Znacznie rzadziej sięgamy też po warzywa. Ich konsumpcja (wg tzw. bilansu – w gospodarstwach domowych i poza nimi) zmniejszyła się ze 121 kg per capita w 2000 r. do ok. 103 kg w roku ubiegłym (nie licząc ziemniaków), podczas gdy w UE osiągnęła poziom ok. 118 kg. – Dystans, jaki dzieli nas do średniej, może wynikać z tego, że jemy mniej pomidorów i ich przetworów – ocenia Strojewska. W UE je się ich przeciętnie 30 kg, a w Polsce 17 kg. Spożywamy za to więcej cebuli – 14 kg na osobę, a średnio w Unii 9 kg.
Spadek konsumpcji warzyw i owoców martwi dietetyków. Aby zachować dobre zdrowie, trzeba ich jeść co najmniej 400 g dziennie – twierdzą eksperci Światowej Organizacja Zdrowia (WHO). Tymczasem z wyliczeń IERiGŻ na podstawie badań budżetów gospodarstw domowych prowadzonych przez GUS wynika, że w 2013 r. spożycie owoców (41,2 kg/osobę), warzyw (58,1 kg/osobę) i ich przetworów wyniosło w Polsce zaledwie 272 g na osobę dziennie.
Z polskich stołów szybko znika pieczywo. Jego konsumpcja spadła w ostatnich trzynastu latach o ponad jedna trzecią. I należy do najniższych w Europie.

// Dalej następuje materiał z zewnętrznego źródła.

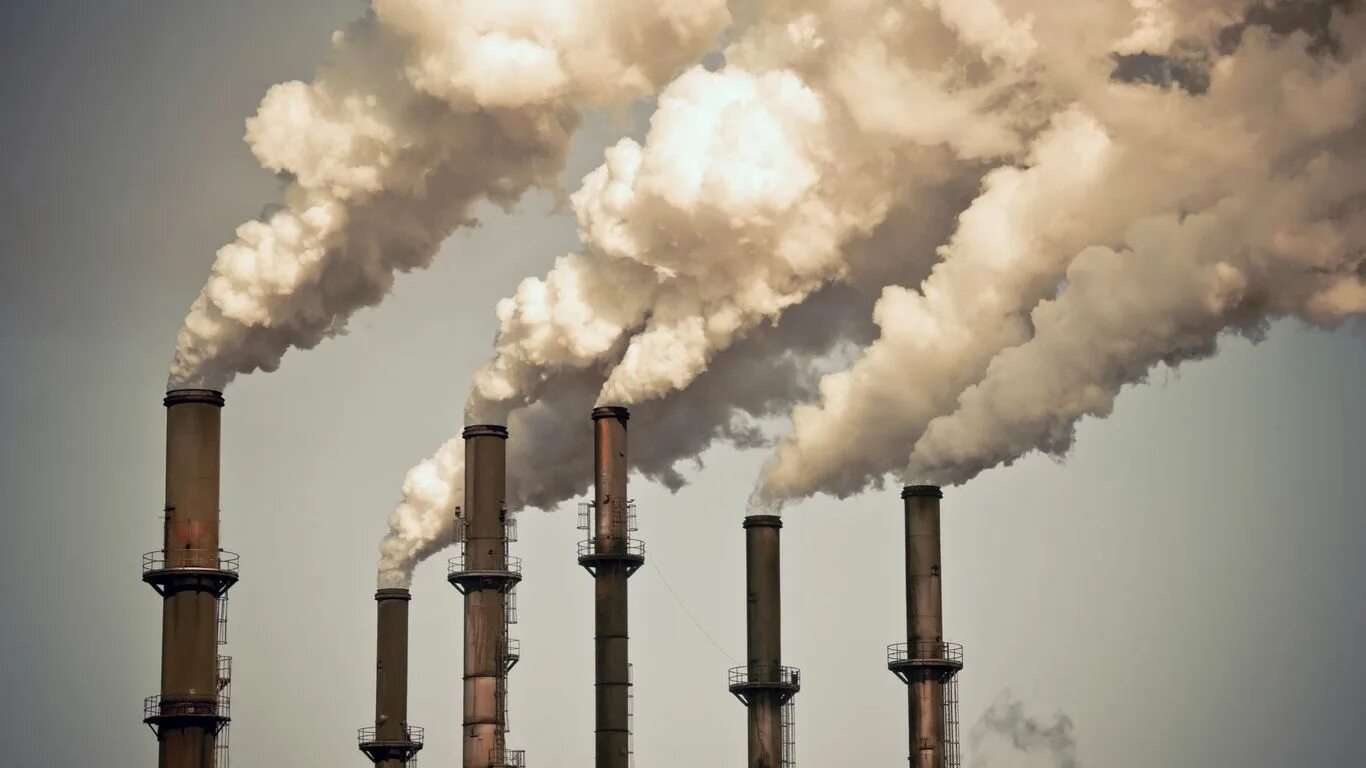 Загрязнение воздуха. Загрязнение воздуха заводами. Фабрики загрязняют воздух. Экология загрязнение атмосферы.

W ubiegłym roku statystyczny Polak zjadł 49,7 kg pieczywa – wynika z obliczeń DGP opartych na danych IERiGŻ. – To efekt między innymi mocnej reklamy substytutów pieczywa – twierdzi prof. Krystyna Świetlik z IERiGŻ.
Ponadto zapracowani Polacy mają coraz mniej czasu. Dlatego przed wyjściem do pracy nie przygotowują często kanapek na drugie śniadanie. Chlebowi zaszkodziły też modne diety, według których pieczywo tuczy. – A to nieprawda, jeśli w jego składzie jest co najmniej 30 proc. mąki żytniej – twierdzi prof. Halina Gam buś z Uniwersytetu Rolniczego w Krakowie.
Zmieniające się na talerzach potrawy to także efekt licznych podróży turystycznymi Polaków oraz emigracji zarobkowej. Z Zachodu przyszła do nas moda na picie dużych ilości wody. W 2000 r., jak wynika z danych IERiGŻ, statystyczny Polak wypijał jej 13 l rocznie. Dziś jest to już 49 l na osobę.
Dla porównania spożycie soków, uchodzących za zdrowe ze względu na produkcję opartą na owocach, przyrosło w tym samym czasie z 7,68 l do 8,64 l.
Spada spożycie herbaty, rośnie zaś kawy. W 2000 r. spożycie tej pierwszej w gospodarstwie domowym na osobę wynosiło 0,96 kg, a drugiej 2,04 kg. W ubiegłym roku, jak wynika z danych IERiGŻ, było to już odpowiednio 0,72 kg i 2,16 kg.
– Herbatę powoli zamieniamy na kawę, do czego przyczynia się między innymi rozwój kawiarni w Polsce – zauważa Krystyna Świetlik. Poza tym wydłuża się czas pracy, w związku z czym coraz więcej osób szuka napojów działających pobudzająco, a niezawierających alkoholu.
Choć spożycie tych ostatnich też wzrosło w ostatnich trzynastu latach. Jak wylicza Związek Pracodawców Polski Przemysł Spirytusowy, w ubiegłym roku spożycie wyrobów spirytusowych wyniosło 3,2 l na osobę. W 2000 r. było to o 1,2 l mniej. Jeszcze bardziej wzrosła popularność piwa. Spożycie tego trunku w tym samym czasie zwiększyło się z 66,9 l do 96 l na osobę rocznie. To zasługa samych producentów, którzy poprzez nowości utrzymują ciągle wysokie zainteresowanie tą kategorią. Sprawili też, że po piwo coraz chętniej sięgają kobiety.

Nasz jadłospis AD 2013

Kariera kurczaka

W ubiegłym roku jego kilogram kosztował średnio 6,94 zł i był droższy niż przed trzynastoma laty o 18 proc. Ceny wołowiny wzrosły w tym czasie dwuipółkrotnie do ponad 26 zł za kilogram. Roczna konsumpcja mięsa drobiowego per capita zwiększyła się w tym czasie o 84 proc. – do 27 kg.

Chleb już nie powszedni

Konsumpcja pieczywa w polskich domach spadła w ostatnich trzynastu latach o ponad jedną trzecią. I należy do najniższych w Europie. W 2013 r. statystyczny Polak zjadł 49,7 kg pieczywa. Chleb przegrywa konkurencję m.in. z chipsami, makaronami i płatkami śniadaniowymi.

Piwo się leje
Sprzedaż piwa rośnie najszybciej ze wszystkich trunków. Jeszcze w 2000 r. statystyczny Polak wypijał go w skali roku 66,9 l. Obecnie jest to 96 l na osobę. To zasługa nowości, które co roku są wypuszczane na rynek przez producentów. Na przykład dzięki piwom smakowym po chmielowy trunek częściej sięgają kobiety.